Support for Drupal 7 is ending on 5 January 2025—it’s time to migrate to Drupal 10! Learn about the many benefits of Drupal 10 and find migration tools in our resource center.
Calling the l() function with a fully qualified url with an ampersand encodes the ampersand incorrectly.
Example: l("Fake site", "http://www.google.com/test1&test2")

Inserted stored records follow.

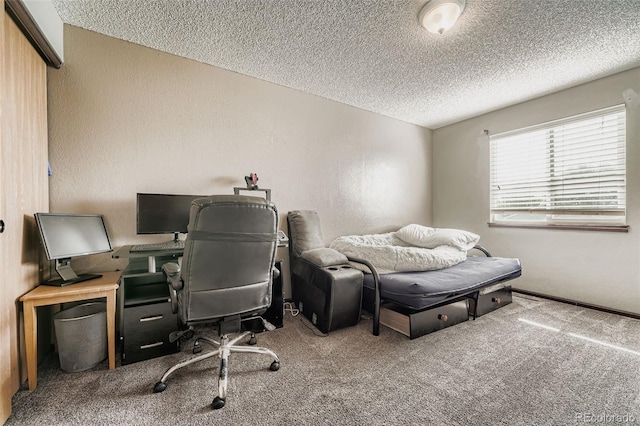 8692 Wildrye Cir, Parker, CO 80134 - photo 21
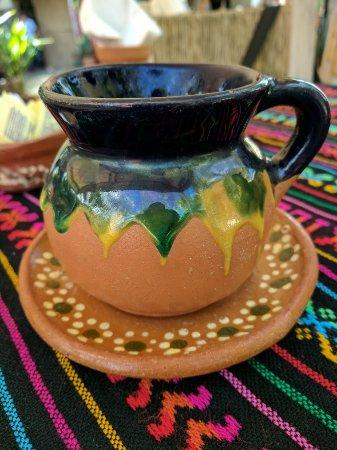 Iguana's Garden Sanctuary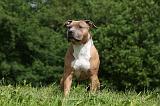 AMSTAFF ADULT 454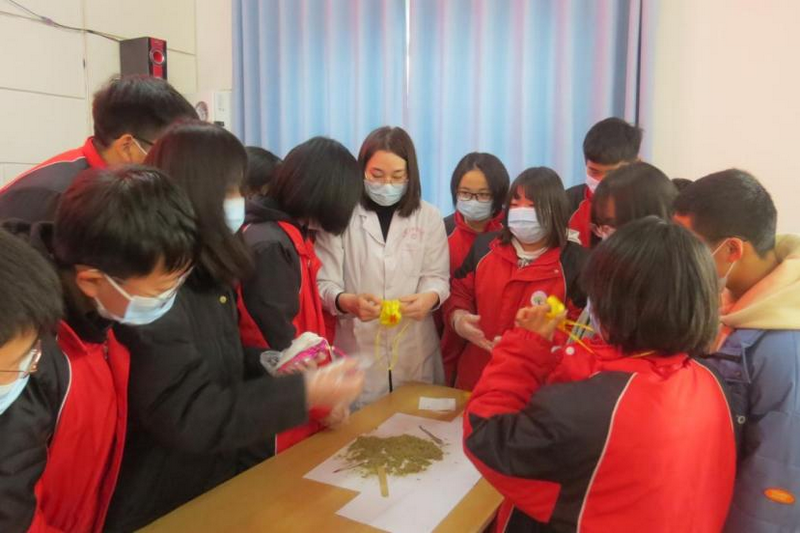河北保定清苑区：学国粹经典 让中医药文化成校园“潮流”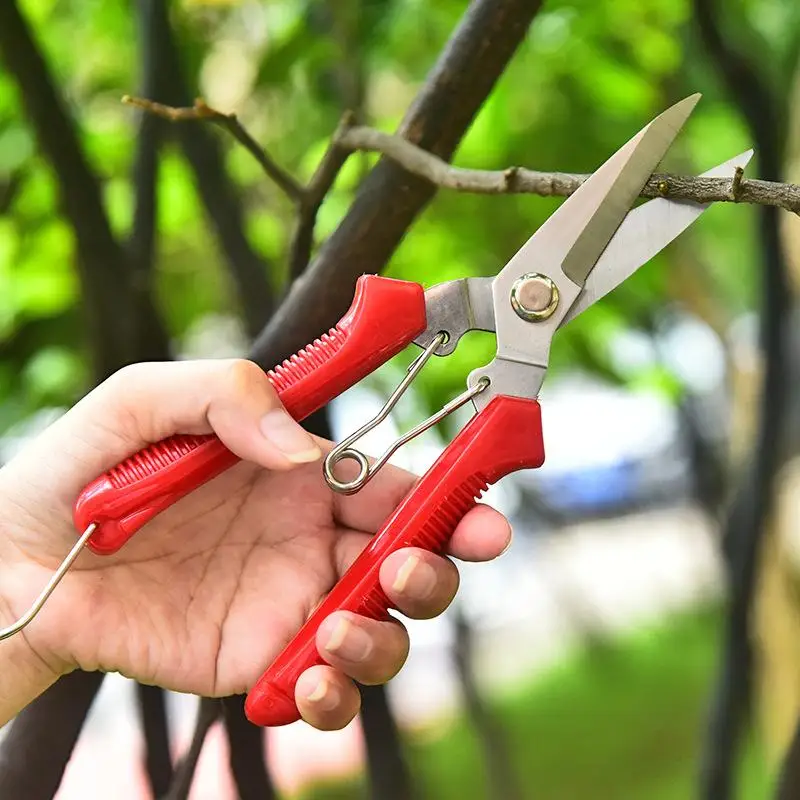 Sharp Straight Blade Gardening Shears Portable Lightweight For Floral Arrangement Bonsai Pruning Garden Work-image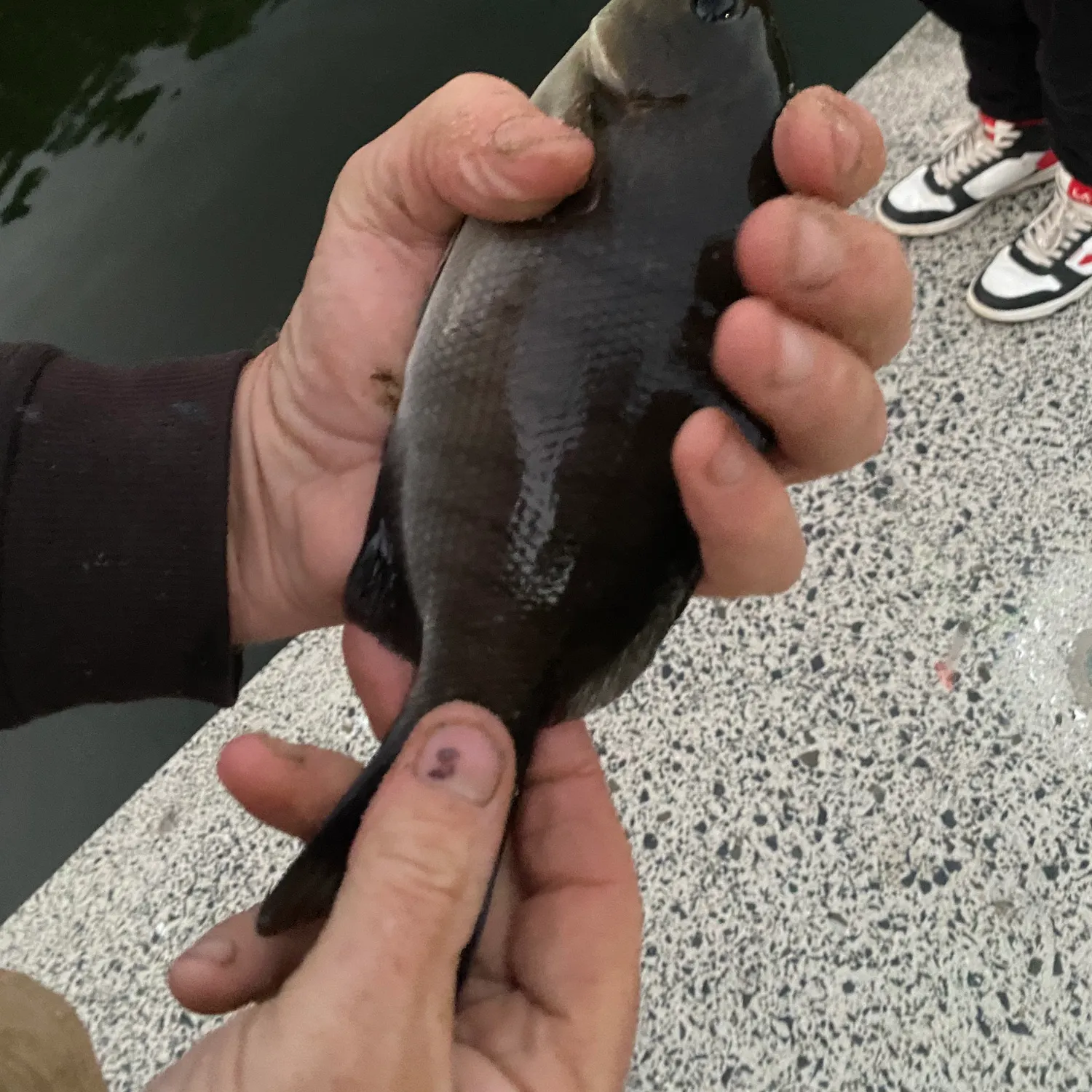 The most recent Luderick catches on Fishbrain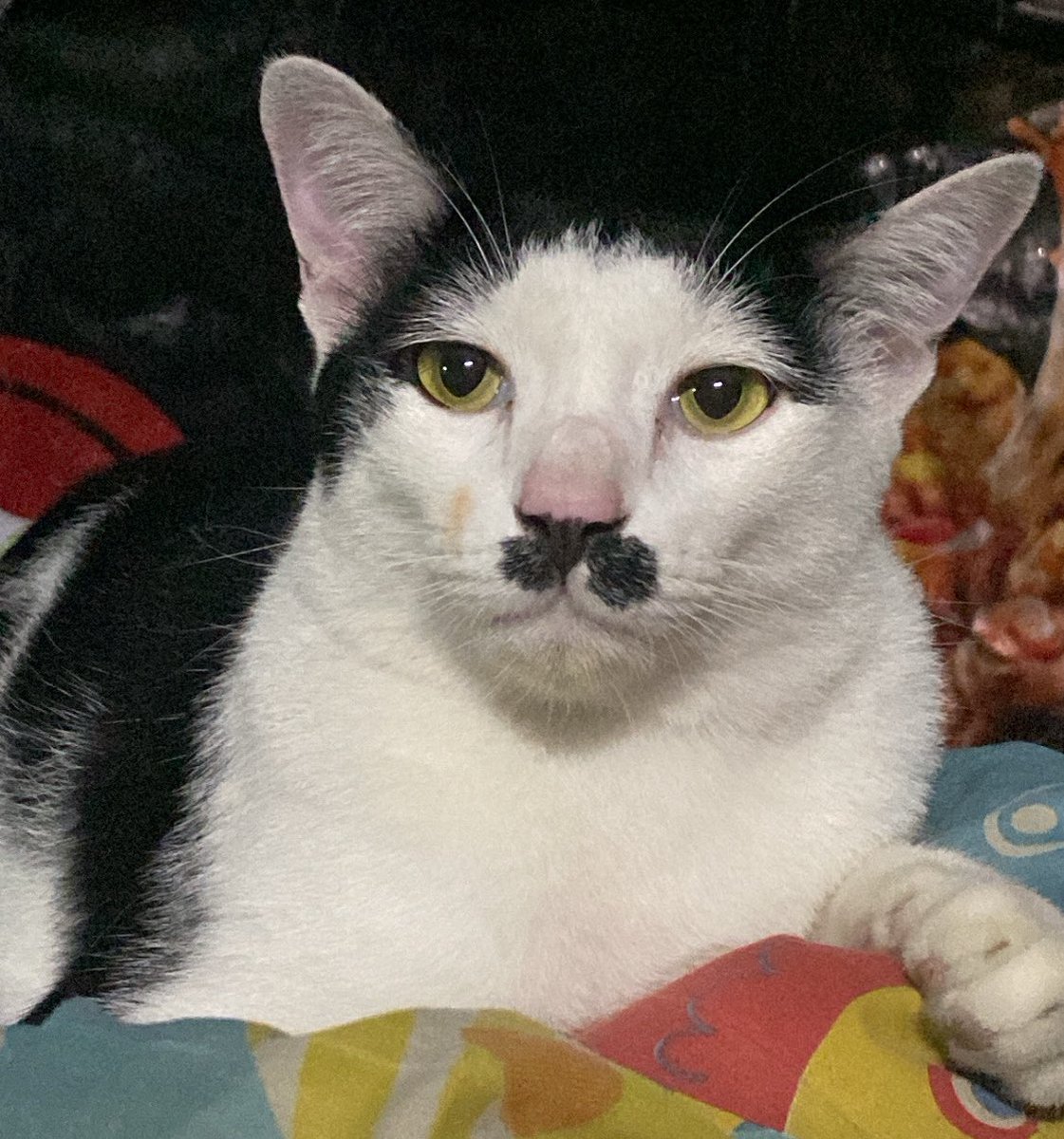 พี่เหว่งตุ๊กสวยไหมคะ       พี่ขับรถอยู่ตุ๊ก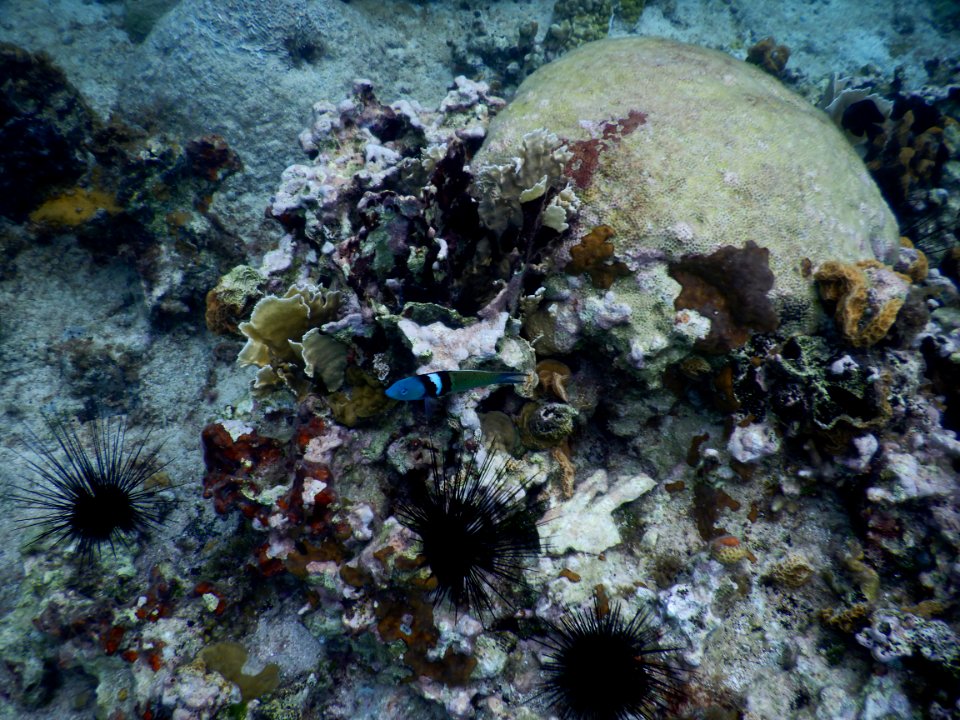 Thalassoma bifasciatum 1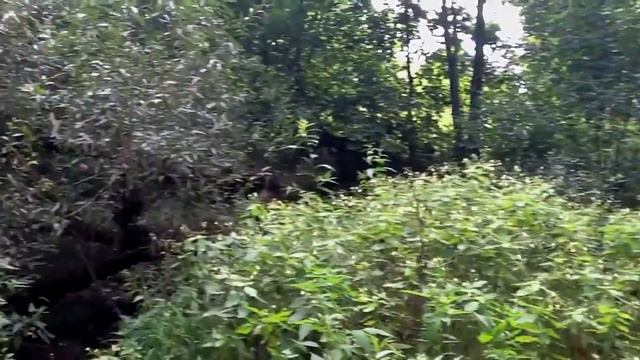 Я в Брянске смотреть онлайн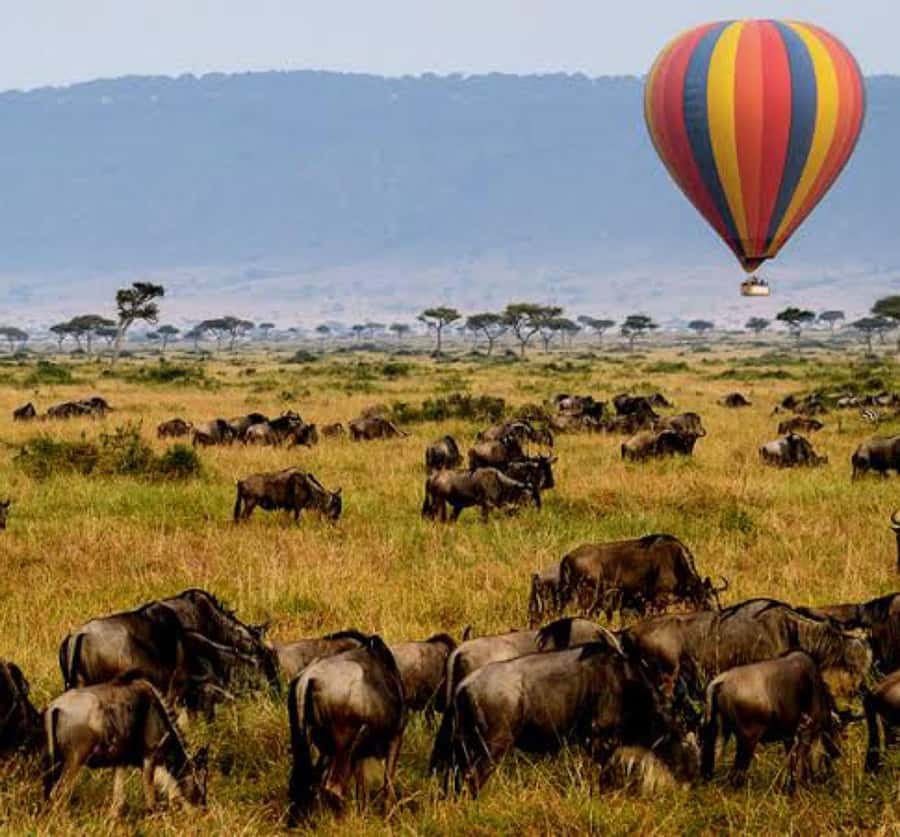 Arusha: 4-Day Big five Safari & Amazing Balloon experience - Day 2: Through Karatu and into the Serengeti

Result: <a href="http://www.google.com/test1&test2">Fake site</a>
Should be: <a href="http://www.google.com/test1%26test2">Fake site</a>
Comment | File | Size | Author |
---|---|---|---|
#44 | url-l-2-D6.patch | 7.87 KB | rdrh555 |
#42 | url-l-D6.patch | 8.07 KB | rdrh555 |
#36 | 303987_fix34.patch | 7.08 KB | jhodgdon |
#33 | 303987redo.patch | 7.04 KB | jhodgdon |
#29 | 303987fixed.patch | 6.47 KB | jhodgdon |
Comments
Comment #1
Damien Tournoud CreditAttribution: Damien Tournoud commentedHum. That's a tricky one. I suggest we write tests first for this, and only then fix the stuff (test driven development, yeah :p). Assigning myself.
Comment #2
j.somers CreditAttribution: j.somers commentedThe problem lies in the decode_entities() function called by the filter_xss_bad_protocol() function. It will use the HTML translation table to do Unicode modifications.
I think quickest solution would be to replace the URL with the correct characters in the drupal_urlencode() function after all the internal checks are completed but then we are talking about much more than only the & sign. I am by far an expert but I don't think there is anything wrong with the current implementation per se, just that further checks are not done.
Comment #3
c960657 CreditAttribution: c960657 commentedI think the current behaviour is correct.
Try this:
l("Sad pandas", "http://www.google.com/search?hl=en&q=sad%20pandas")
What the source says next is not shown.